Second, many unregulated industrial establishments as well as commercial complexes are mushrooming in the dense residential areas irrespective of the existing infrastructure capacity thereby generating a new set of urban problems of traffic jams, infrastructure degradation and, above all, exposing higher percentage of people under the seismic risk. Huge built form, high density and traffic congestion will cause emergency rescue and relief operation difficult in such areas in case of a big earthquake. Third, the present trend of vertical division of traditional building stocks and their haphazard renovation and reconstruction – creation of new openings haphazardly on the load bearing front walls, provision of toilets and staircases in the divided part by destroying the part of the existing structure, and addition of habitable rooms by either converting the ground floor to a room, removing significant parts of the load bearing walls or adding new floors often of different materials, floor height and construction techniques on top of existing buildings – goes on unabated [Photo 1a, b]. This whole process of rebuilding - formation of soft storeys, discontinuity in load transferring system, lateral stiffness and strengths resulting in torsional effect, creation of ‘Pounding Effect’ due to differences in floor and building heights, material and construction technique in adjacent buildings – has not only further weakened these old buildings against seismic forces but has also converted the narrow pedestrian lanes, street squares and courtyards into parking lots, garbage dumping sites, and, above all, into ‘death traps’ [Photo 1c, d].

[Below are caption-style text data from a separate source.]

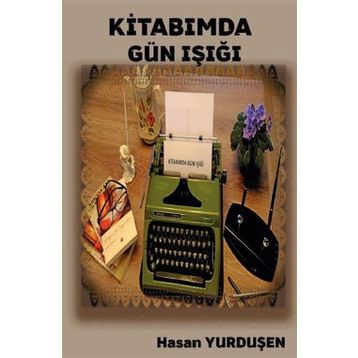 Kitabımda Gün Işığı - Hasan Yurduşen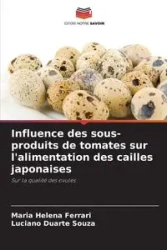 Influence des sous-produits de tomates sur l'alimentation des cailles japonaises - Maria Helena Ferrari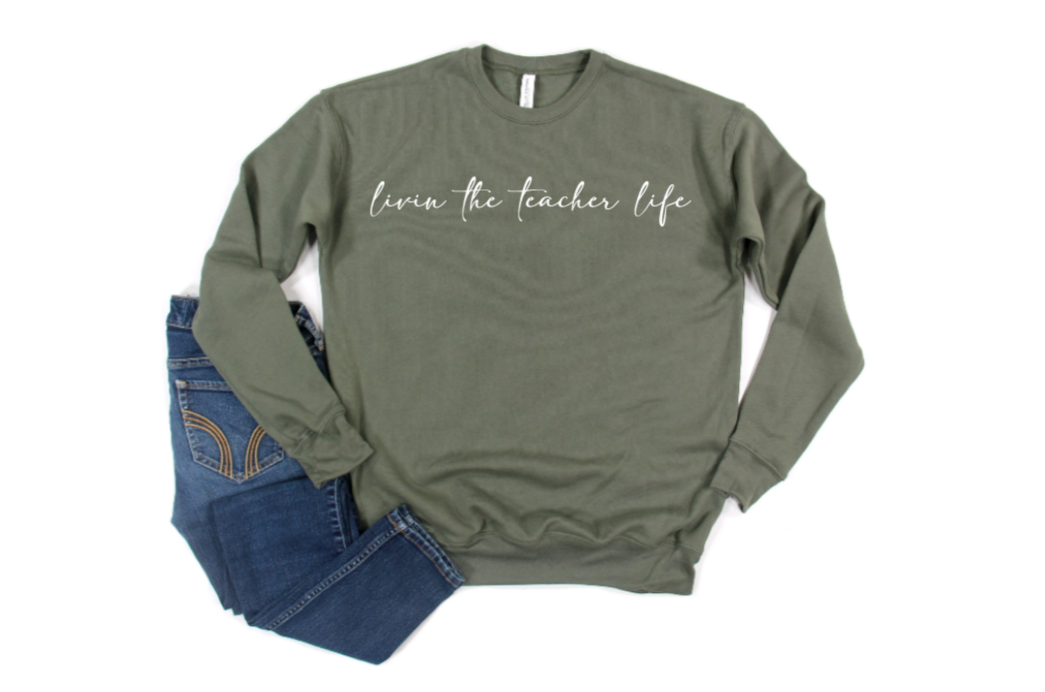 Livin the Teacher Life Sweatshirt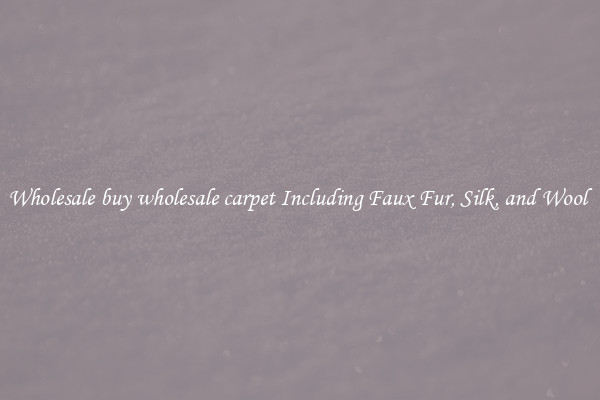 Wholesale buy wholesale carpet Including Faux Fur, Silk, and Wool 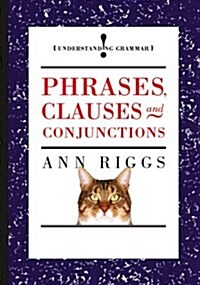 Phrases, Clauses and Conjunctions (Hardcover)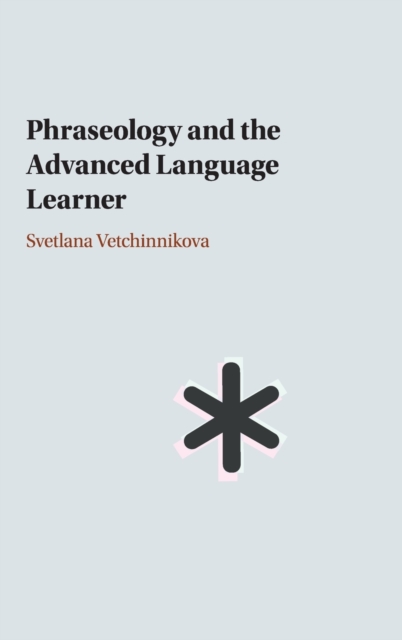 Phraseology and the Advanced Language Learner, Hardback Book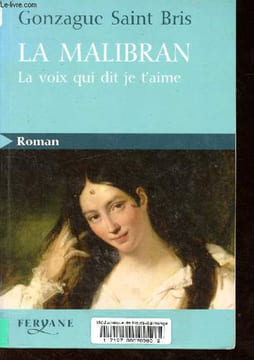 La Malibran. La voix qui dit je t'aime.. Saint Bris Gonzague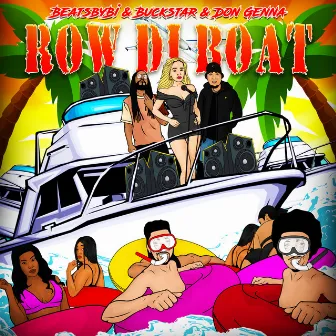 Row di Boat by BeatsbyBi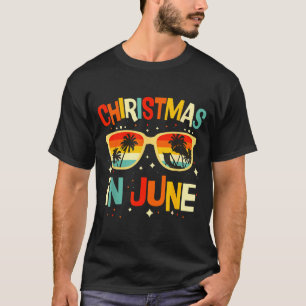 Christmas in june sunglasses funny summer vacation T-Shirt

Fourth, new settlements in the peripheral areas are also not safe against an earthquake as they often comprise of many building structures built by inappropriate and informal methods - road layouts of inadequate width and insufficient space for vehicle-turning, thus making the entry of fire fighters and ambulances impossible in an emergency situation, and lack of open spaces and other social amenities, needed for rescue and relief operations [Photo 2a]. The new trend of building construction - generally five and half storey height with soft storey on the ground, three-foot projections from the second floor onwards, and often characterised by ‘weak columns and strong beams’ and ‘short column’– on the one hand, and the decorating of façades with ‘false’ architectural elements - double columns, bay windows, sloped roof, etc. - is adding new vulnerable urban structures in the city [Photo 2b,c]. Such structures are dangerous not only for those who occupy the buildings but also for pedestrians in the vicinity. Lack of quality control on construction work [Photo 2d] and building materials, wrong detailing of bars in slabs and columns and absence of supervision on the site by trained technicians have further weakened these new buildings.

Fifth, numerous educational institutions as well as private nursing homes, are running their activities in ordinary residential buildings, built by informal process. These critical facilities and ‘mass gathering’ buildings used as ‘evacuation shelters’ as well as ‘mass treatment centres’ during an emergency must have high safety factor based designs. However, in the case of Kathmandu, they are the first to be hit by an earthquake. Sixth, many urban poor of slums and squatter settlements residing along river banks and children and women engaged in local factories, restaurants and in private houses as servants are highly vulnerable not only because they are living and working in hazardous sites but also due to their illiteracy and lack of funds to assist in their recovery. Children below fifteen [one third of Valley’s population] and elderly above sixty-five are also vulnerable due to impaired mobility and inability to withstand trauma during an earthquake.